DATASET CONTENT
◆ ◆ ◆ ◆ ◆
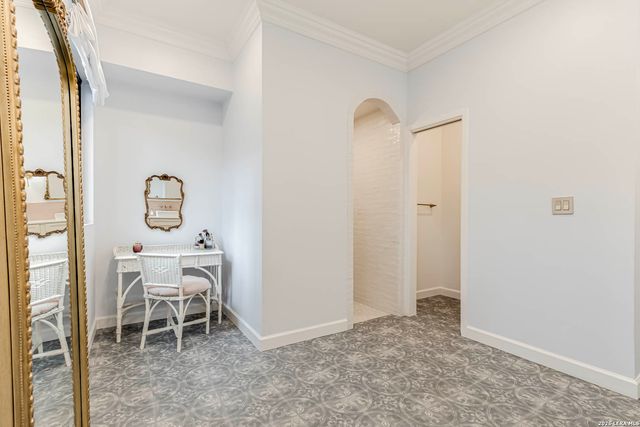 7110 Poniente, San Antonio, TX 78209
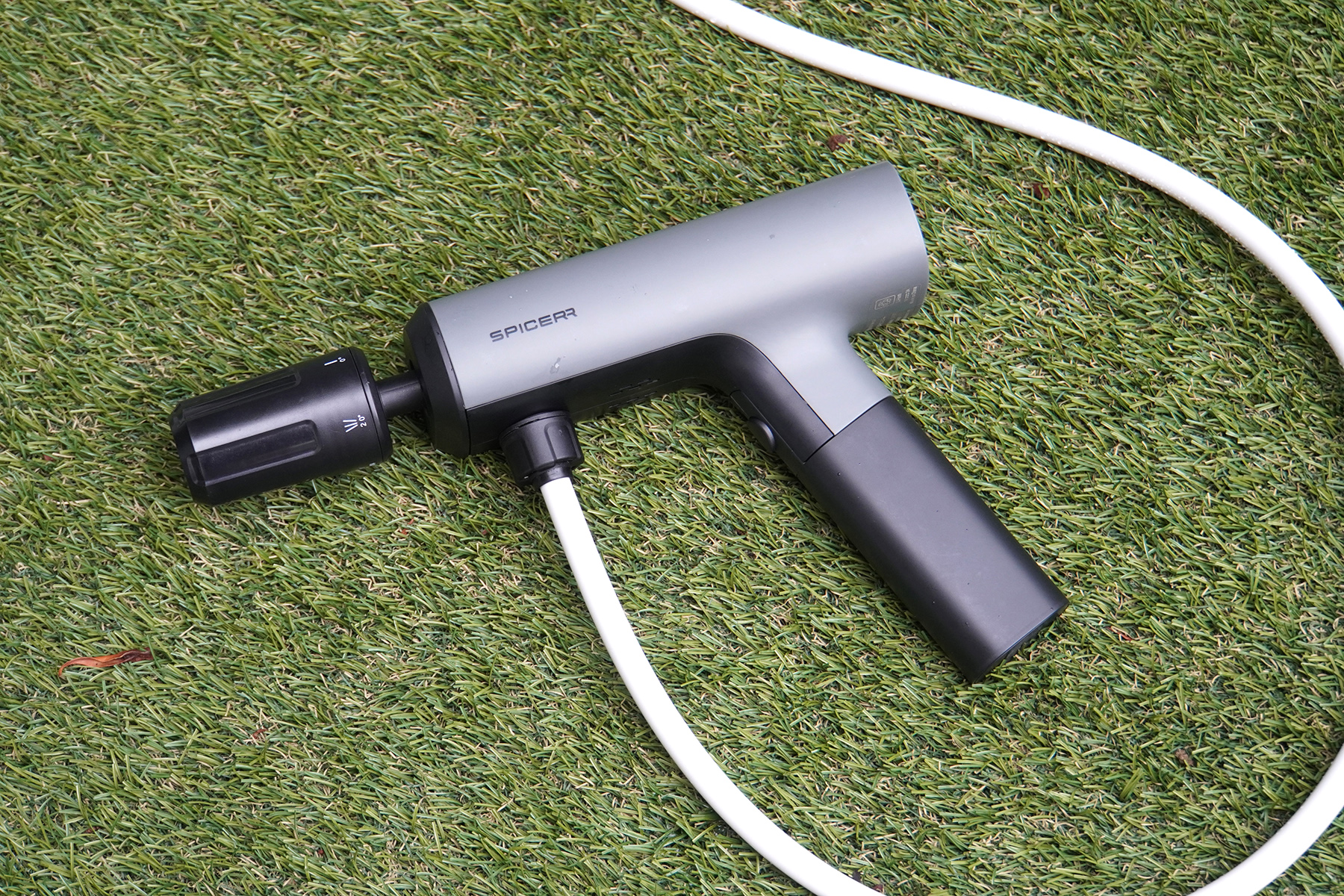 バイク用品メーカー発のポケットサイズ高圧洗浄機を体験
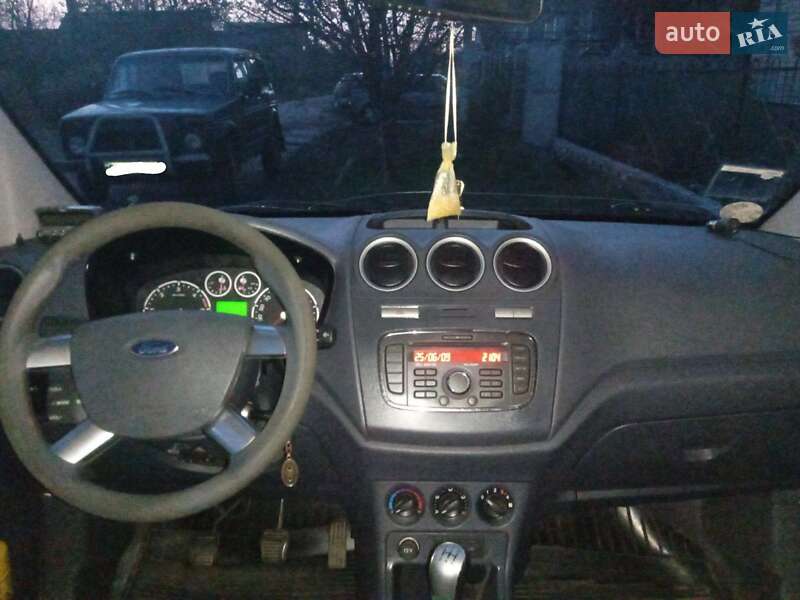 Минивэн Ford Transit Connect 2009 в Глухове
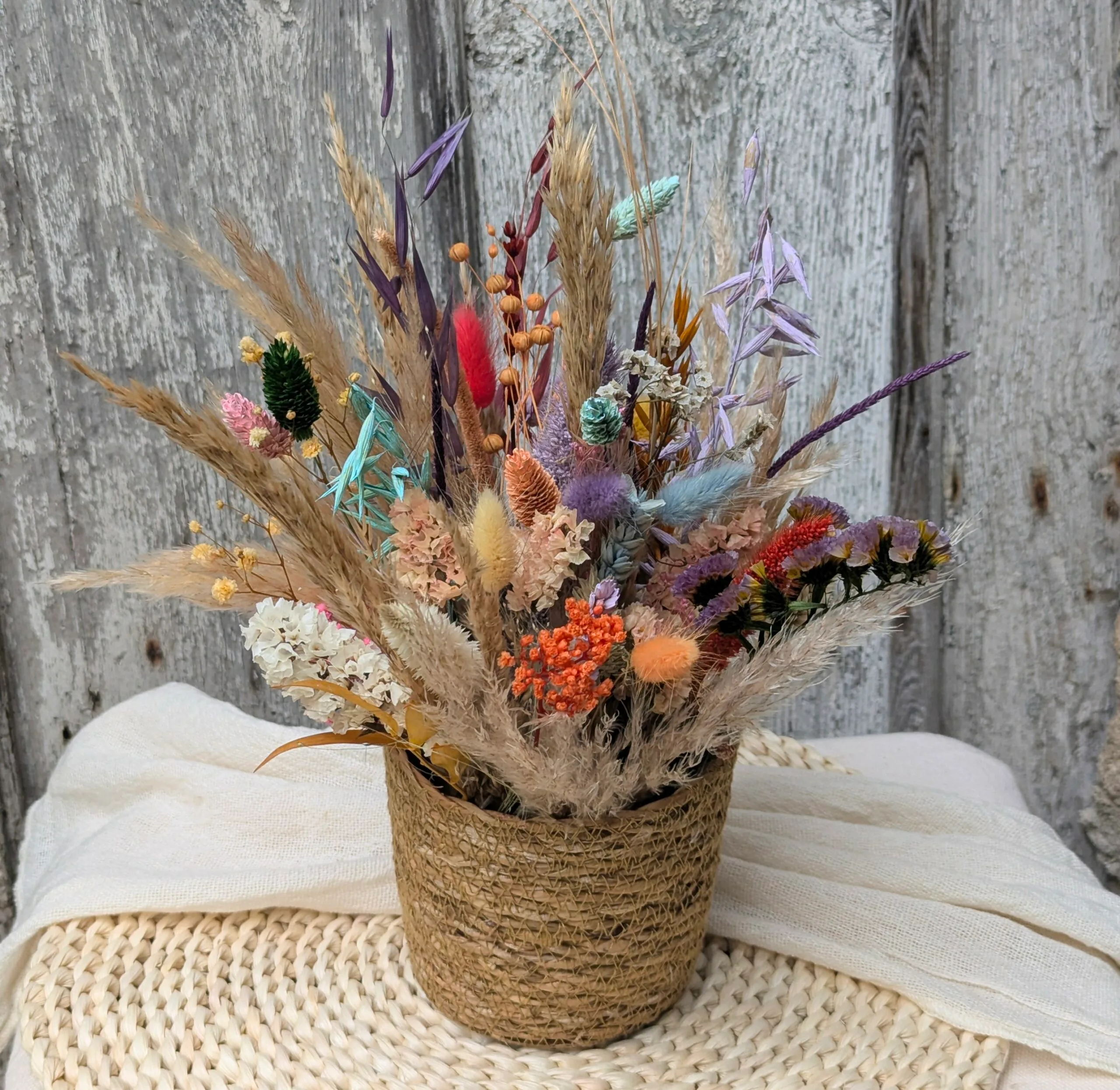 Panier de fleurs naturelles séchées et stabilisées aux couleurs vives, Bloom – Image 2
◆ ◆ ◆ ◆ ◆
TASK DIRECTIONS
Your copy should begin at the line containing "バイク用品メーカー発のポケットサイズ高圧洗浄機を体験" and end at the last line of the data above, matching each line exactly and holding no pictures.

TASK RESPONSE
 バイク用品メーカー発のポケットサイズ高圧洗浄機を体験
 Минивэн Ford Transit Connect 2009 в Глухове
 Panier de fleurs naturelles séchées et stabilisées aux couleurs vives, Bloom – Image 2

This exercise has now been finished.